Im dritten Abschnitt wird die Rezeption der analysierten Spielfilme betrachtet. Begründet wird dies damit, dass für die Spielfilmkommunikation die Produktion, das Produkt und die Rezeption von Bedeutung sind und die Filmrezension hier geeignetes Analysematerial bietet. Dieser Abschnitt behandelt wiederum sehr viele deutsche und isländische Quellen, die im Grunde als Material für ein eigenständiges, womöglich sogar kulturvergleichendes Forschungsprojekt hätten dienen können. Auch wenn die Argumentation nachvollziehbar ist, dass die Einheit von filmhistorischem Kontext, repräsentativer Filmanalyse und Untersuchung von Rezensionsmaterial eine ganzheitliche Medienanalyse ermöglicht, ist es doch fraglich, ob wirklich alle drei Komplexe in einer Arbeit verhandelt werden müssen.

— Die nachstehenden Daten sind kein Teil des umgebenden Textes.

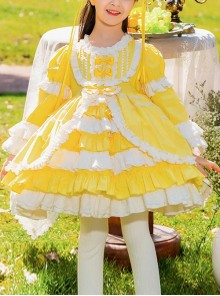 Retro Court Yellow Stitching Lace Multi-Layered Hem Design Bowknot Decoration Classic Lolita Kids Long-Sleeved Dress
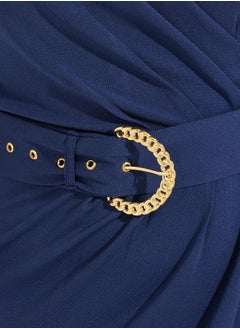 Styli High Neck Wrap Front Belted Midi Dress  - Image 3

Dieser Abschnitt wie schon die beiden anderen wirkt aufgrund der übergroßen Materialfülle letztlich oberflächlich, schließlich bleibt kaum Platz für theoretische Betrachtungen und argumentative Herleitungen oder Verknüpfungen. Nach der Lektüre hat man zwar viele Details erfahren und ist darauf hingewiesen worden, dass deutsche und isländische Rezensionen sich sehr unterscheiden, dass sie zum Beispiel die Handlungsorte sehr verschieden interpretieren, man weiß aber über eine mögliche nationale isländische Identität nicht sehr viel mehr als zu Beginn. Was zeichnet diese Identität aus? Welche Züge machen sie zu einer nationalen Identität? Was unterscheidet sie von anderen nationalen Identitäten?

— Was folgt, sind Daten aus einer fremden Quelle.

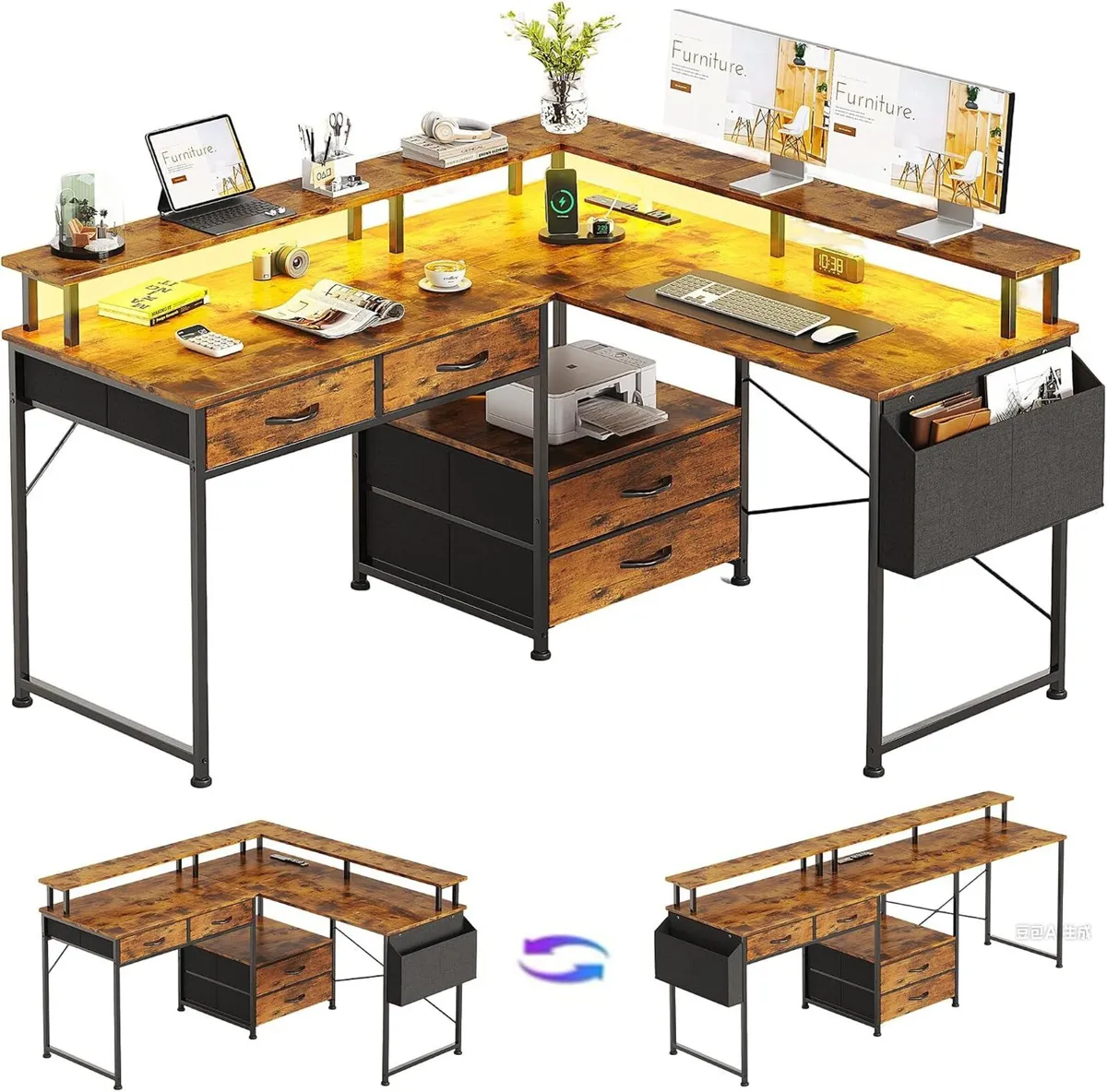 130x120CM L Shaped Desk with Power Outlet LED - Image 1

Das Buch ist sehr klar strukturiert, der Aufbau folgt den Analyseschritten, die Sprache ist ausreichend akademisch aber nicht unnötig kompliziert oder überfrachtet. Im ersten Abschnitt wird die Lektüre allerdings erschwert, weil die Autorin zwar einen deutschen Text verfasst, der von isländischen Institutionen handelt, sehr häufig aber englische Namen für diese Institutionen verwendet. Hierdurch entsteht ein seltsames und häufig verwirrendes Sprachgemisch. In diesem Abschnitt fallen darüber hinaus viele grammatische und orthografische Fehler in der Wiedergabe von isländischen Filmtiteln, Artikelüberschriften und Namen von Filmschaffenden und Autoren auf, was in einem Buch zu diesem Spezialgebiet sehr irritierend wirkt. Ein weiteres sprachliches Problem besteht darin, dass viele Zitate in den Filmanalysen in englischer Sprache wiedergegeben werden, andere auf Deutsch und bei einigen wird angemerkt, dass es sich um eine Übersetzung der Autorin handelt. Hier stellt sich die Frage, welche Versionen überhaupt verwendet wurden und wie aussagekräftig die entsprechenden Übersetzungen sind. In Bezug auf den historischen Überblick im Einleitungskapitel muss kritisch angemerkt werden, dass sich dort Fehler in den Jahreszahlen finden und insgesamt ein sehr klischeehaftes und veraltetes Bild von der isländischen Geschichte gezeichnet wird. Hier hätte die Rezeption neuerer isländischer Forschungen, die einen sehr kritischen Blick auf die überkommene isländische Geschichtsschreibung werfen, Abhilfe schaffen können. Immerhin war die Auseinandersetzung rund um dieses Geschichtsbild ein zentraler Diskurs in den isländischen Geisteswissenschaften der vergangenen zwanzig Jahre.

Anmerkung:
1 Benedict Anderson, Die Erfindung der Nation. Zur Karriere eines erfolgreichen Konzepts, Frankfurt am Main 2005.